[Activity] Drop the images. Copy every line below character for character.

[Data shown]
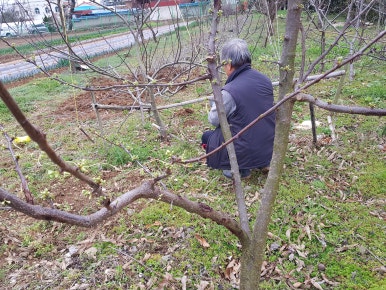 힘쎈인력 이미지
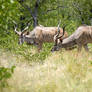 The greater kudu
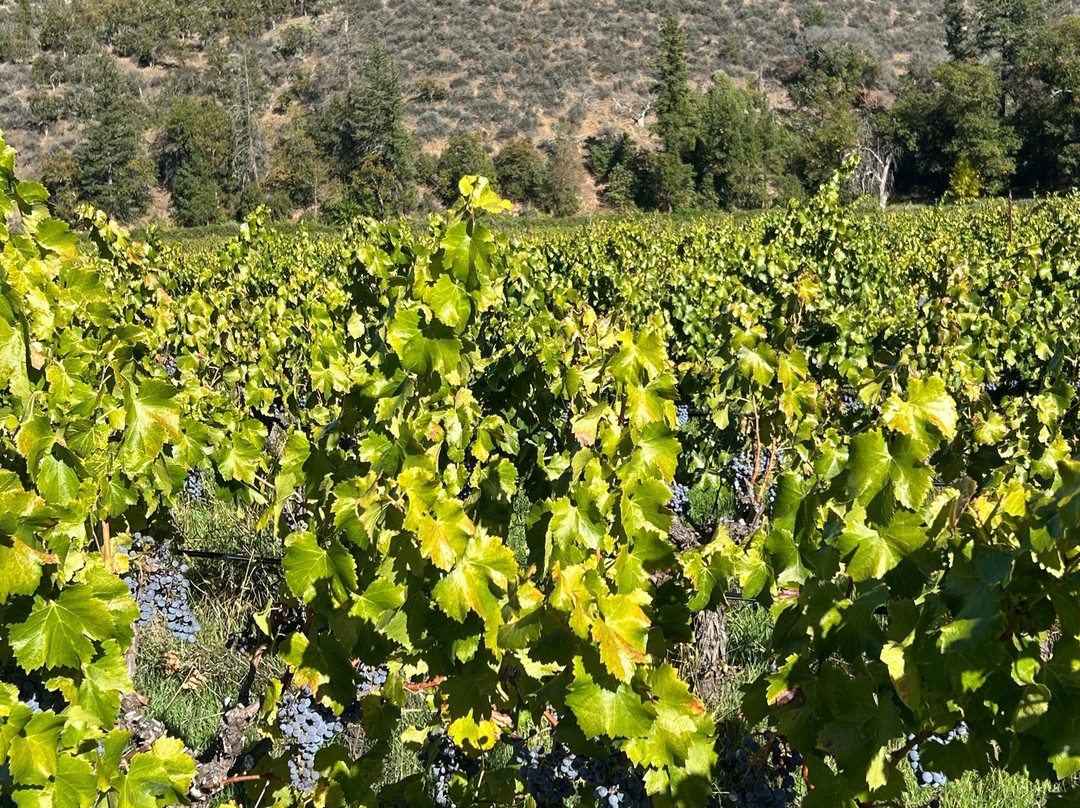 Cowhorn Vineyard & Garden-Jacksonville必去景点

[Written solution]
 힘쎈인력 이미지
 The greater kudu
 Cowhorn Vineyard & Garden-Jacksonville必去景点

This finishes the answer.